The SDE you provided is one of the few we can explicitly solve. I'll talk about Geometric Brownian Motion (GBM) $dX_{t} = \mu X_{t} \,dt + \sigma X_{t} \,dB_{t}$, but as you mentioned in your question, your case is the same when $\mu$ becomes a function of $t$.

You can "multiply" the stochastic differential equation (SDE) in its differential form by $\frac{1}{X_{t}}$ to get $$\frac{1}{X_{t}}dX_{t} = \frac{1}{X_{t}}\mu X_{t} \,dt + \frac{1}{X_{t}}\sigma X_{t} \,dB_{t} $$ and this simplifies to $$ \frac{1}{X_{t}}dX_{t} = \mu \,dt + \sigma \,dB_{t}.$$

Notice that the right hand side no longer depends on $X_{t}$. Now recall Ito's formula for a $C^{2,1}$ function $f(t,x)$ ($C^{2,1}$ means $f$ is twice differentiable in $x$ and once differentiable in $t$). Ito's formula tells us if $X_{t}$ satisfies the previous SDE, then $f(t,X_{t})$ will satisfy:

$$d(f(t,X_{t})) = \frac{\partial f}{\partial t}(t,X_{t}) \,dt + \frac{\partial f}{\partial x}(t,X{t}) \,dX_{t} + \frac{1}{2} \frac{\partial^{2} f}{\partial x^{2}}(t,X_{t}) \,d[X]_{t}$$ where $[X]_{t}$ is the quadratic variation process of $X_{t}$. Notice that in the SDE given to us by Ito's formula, one of the terms on the right hand size is $\frac{\partial f}{\partial x}(t,X{t}) \,dX_{t}$. This almost looks like our $\frac{1}{X_{t}} \,dX_{t}$, which was the left hand side of our original SDE. If we can choose $f(t,X_{t})$ wisely such that these are equal (i.e., such that $\frac{\partial f}{\partial x}(t,X{t})= \frac{1}{X_{t}}$, then we can solve this special SDE.

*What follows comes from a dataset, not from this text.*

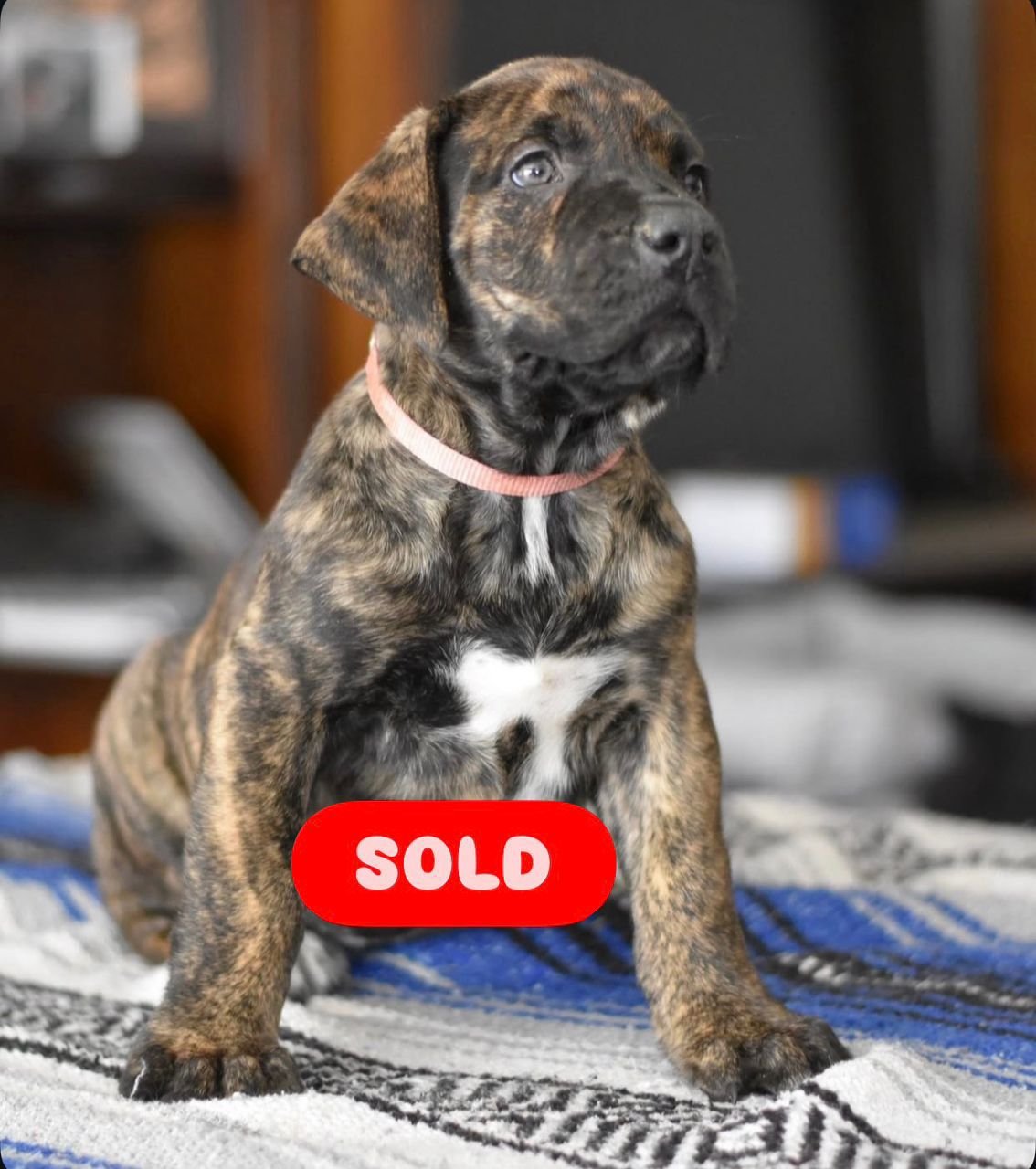  2 carlis  Male puppy For Sale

Hopefully you see that we should have $f(t,x) = \ln(x)$ for the above equality to hold. Okay, so since $f$ doesn't depend on $t$, let's call it $f(x)$ to save space. Substituting this $f$ into Ito's formula above gives:

$$d(\ln(X_{t})) = 0 \,dt + \frac{1}{X_{t}} \,dX_{t} - \frac{1}{2} \frac{1}{X_{t}^2} \,d[X]_{t}$$

Hmm... on the right hand side there is conveniently a $\frac{1}{X_{t}} \,dX_{t}$ (which was the whole point! That's why we choose $f$ as we did) and we have an SDE for this already. We have that $\frac{1}{X_{t}}dX_{t} = \mu \,dt + \sigma \,dB_{t}$.

Okay, so solving for $\frac{1}{X_{t}}\,dX_{t}$ in the Ito's formula SDE gives

$$\frac{1}{X_{t}} \,dX_{t} =d(\ln(X_{t})) + \frac{1}{2} \frac{1}{X_{t}^2} \,d[X]_{t} $$

and this allows us to set the right hand side of the above equal to $\mu \,dt + \sigma \,dB_{t}$. So we have $$d(\ln(X_{t})) + \frac{1}{2} \frac{1}{X_{t}^2} \,d[X]_{t} = \mu \,dt + \sigma \,dB_{t}. $$

What is $d[X]_{t}$? If you do the computation, you get $\sigma^{2} X_{t}^{2} \,dt$, so that our equation becomes $$d(\ln(X_{t})) + \frac{1}{2} \sigma^{2} \,dt = \mu \,dt + \sigma \,dB_{t}. $$

This simplifies to $$\ln(X_{t}) = \ln(X_{0}) + \int \limits_{0}^{t}(\mu - \frac{1}{2} \sigma^{2}) \,dt + \int \limits_{0}^{t}\sigma \,dB_{t} $$

so that $X_{t} = X_{0}e^{\int \limits_{0}^{t}(\mu - \frac{1}{2} \sigma^{2}) \,dt + \int \limits_{0}^{t}\sigma \,dB_{t}}$.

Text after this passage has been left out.